__Your task__.
The response must match the data below exactly, line for line.

__Dataset excerpt__.
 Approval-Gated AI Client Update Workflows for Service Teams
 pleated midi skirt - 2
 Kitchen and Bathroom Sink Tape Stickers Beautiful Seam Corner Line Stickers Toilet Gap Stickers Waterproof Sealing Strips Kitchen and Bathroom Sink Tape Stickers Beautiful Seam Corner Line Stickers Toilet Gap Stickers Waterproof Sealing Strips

__Exercise response__.
 Approval-Gated AI Client Update Workflows for Service Teams
 pleated midi skirt - 2
 Kitchen and Bathroom Sink Tape Stickers Beautiful Seam Corner Line Stickers Toilet Gap Stickers Waterproof Sealing Strips Kitchen and Bathroom Sink Tape Stickers Beautiful Seam Corner Line Stickers Toilet Gap Stickers Waterproof Sealing Strips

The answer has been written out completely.